Dalam surat dakwaan, Saeful Bahri disebut bersama-sama dengan Hasto, Harun Masiku, dan Donny Tri Istiqomah memberikan uang senilai 57.350 dolar Singapura (sekitar Rp600 juta) kepada Wahyu Setiawan agar KPU menyetujui permohonan PAW Harun Masiku. Hasto juga diduga memerintahkan perusakan alat komunikasi yang digunakan Harun Masiku setelah OTT KPK terhadap Wahyu Setiawan, serta meminta ajudannya untuk menenggelamkan ponsel lain guna mencegah penyitaan.

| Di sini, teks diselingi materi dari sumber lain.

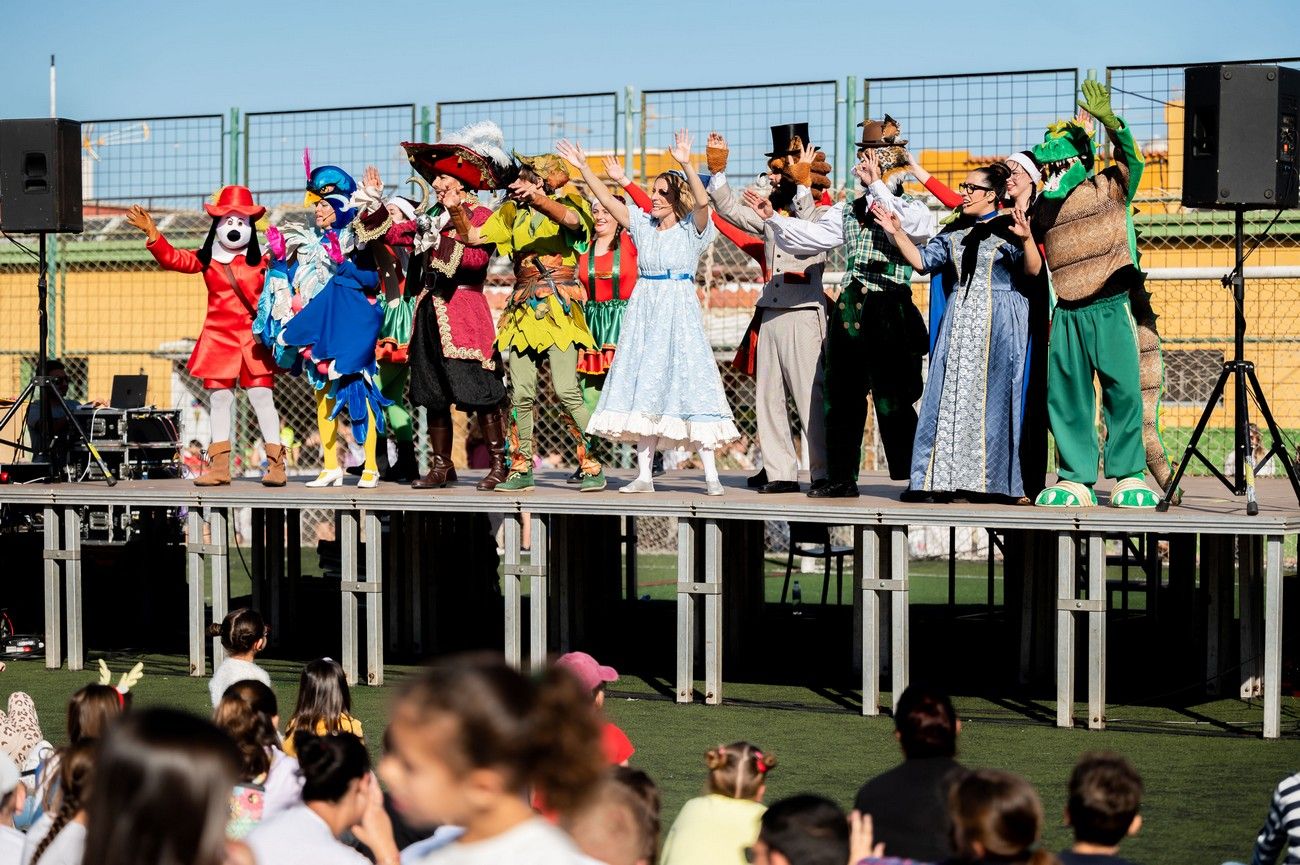 Miles de personas llenan de ilusión el Estadio de Barrial en la llegada de los Reyes Magos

Sementara itu, di awal persidangan pada Senin, 26 Mei 2025, tim penasihat hukum Hasto yang diwakili Maqdir Ismail menyatakan keberatan atas kehadiran pemeriksa forensik/penyelidik KPK, Hafni Ferdian, sebagai saksi ahli. Maqdir beralasan bahwa Hafni adalah pegawai KPK dan penyelidik dalam perkara ini, sehingga dikhawatirkan tidak dapat bersikap objektif dan mandiri dalam memberikan keterangan. Selain itu, Maqdir juga menyebut Hafni digaji oleh KPK (yang kemudian diklarifikasi jaksa bahwa Hafni adalah ASN yang digaji oleh negara, bukan KPK). Jaksa KPK menanggapi bahwa Hafni dihadirkan dalam kapasitas keahliannya dan bukan penyelidik dalam perkara spesifik ini. Hakim ketua, Rios Rahmanto, menolak keberatan tersebut, menyatakan bahwa keterangan ahli akan tetap didengar sesuai keahliannya, sementara keberatan terkait objektivitas dicatat dan dapat disampaikan dalam nota pembelaan atau pleidoi.